• _WORK TO BE COMPLETED_: Wherever the line with "澳门精准四肖期期中特公开,探秘澳门美食文化之旅_潮流版.8.782" sits in the listing below, transcribe from it up to and including the line with "Fetal Development Research", exactly, and leave the remaining lines out.

• _DATA TO USE_:
+++
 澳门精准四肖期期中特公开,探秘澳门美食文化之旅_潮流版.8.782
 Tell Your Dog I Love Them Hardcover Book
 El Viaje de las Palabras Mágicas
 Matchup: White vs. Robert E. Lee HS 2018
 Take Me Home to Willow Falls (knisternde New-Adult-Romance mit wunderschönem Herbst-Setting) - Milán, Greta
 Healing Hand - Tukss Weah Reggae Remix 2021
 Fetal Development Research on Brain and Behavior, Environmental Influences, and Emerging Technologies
+++
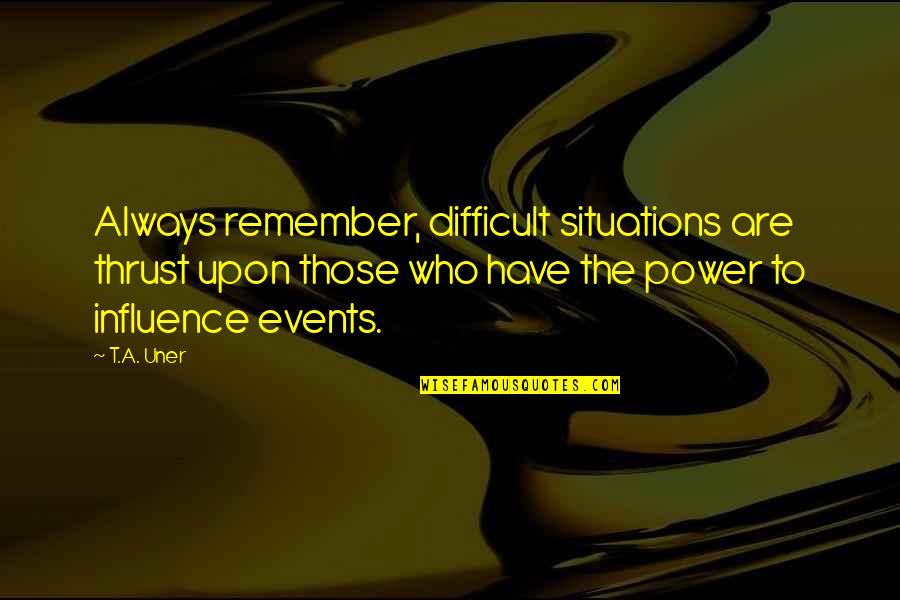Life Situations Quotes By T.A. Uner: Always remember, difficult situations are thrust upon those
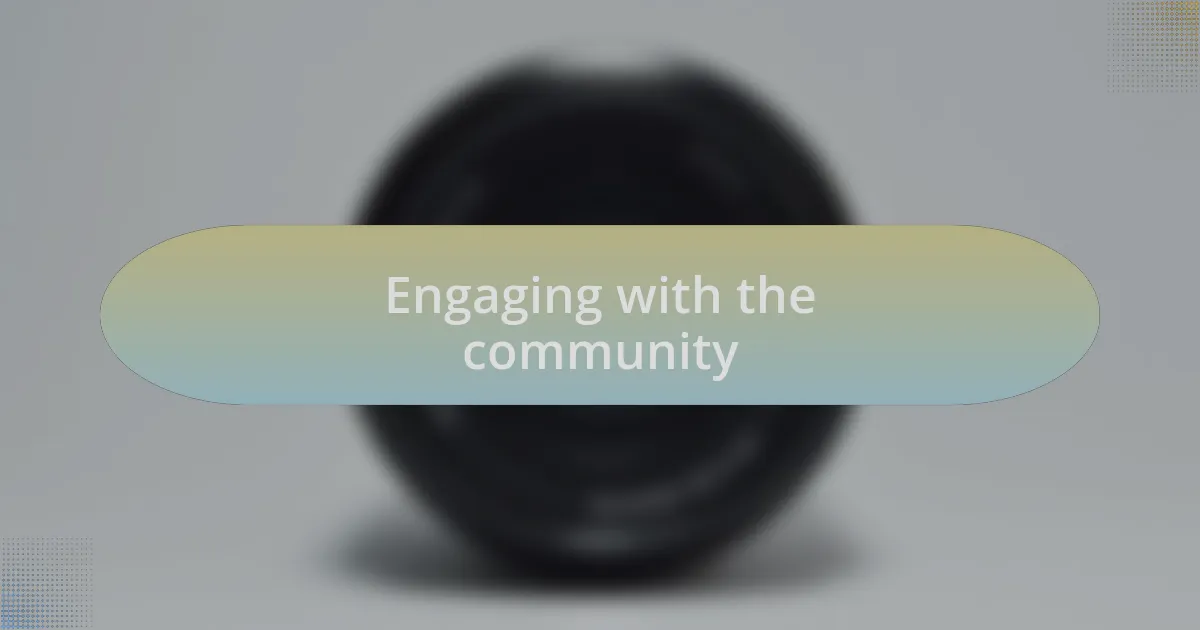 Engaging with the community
+++
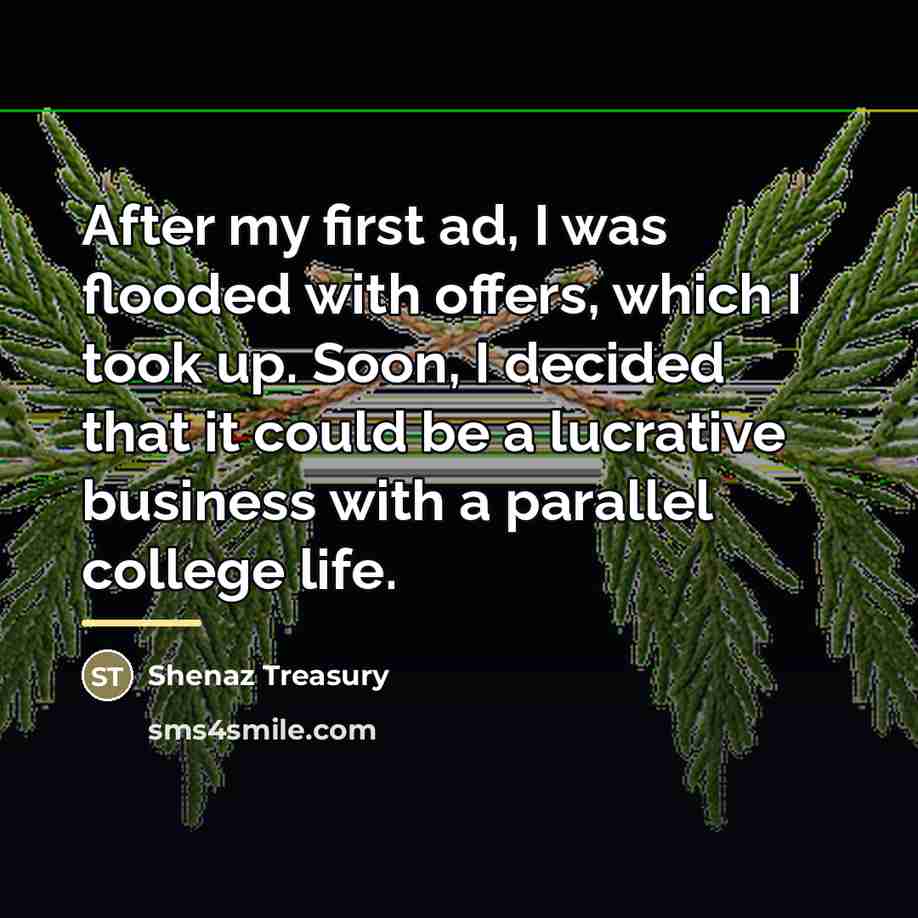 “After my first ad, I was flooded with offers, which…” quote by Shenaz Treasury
+++
• _EXERCISE ANSWER_:
 澳门精准四肖期期中特公开,探秘澳门美食文化之旅_潮流版.8.782
 Tell Your Dog I Love Them Hardcover Book
 El Viaje de las Palabras Mágicas
 Matchup: White vs. Robert E. Lee HS 2018
 Take Me Home to Willow Falls (knisternde New-Adult-Romance mit wunderschönem Herbst-Setting) - Milán, Greta
 Healing Hand - Tukss Weah Reggae Remix 2021
 Fetal Development Research on Brain and Behavior, Environmental Influences, and Emerging Technologies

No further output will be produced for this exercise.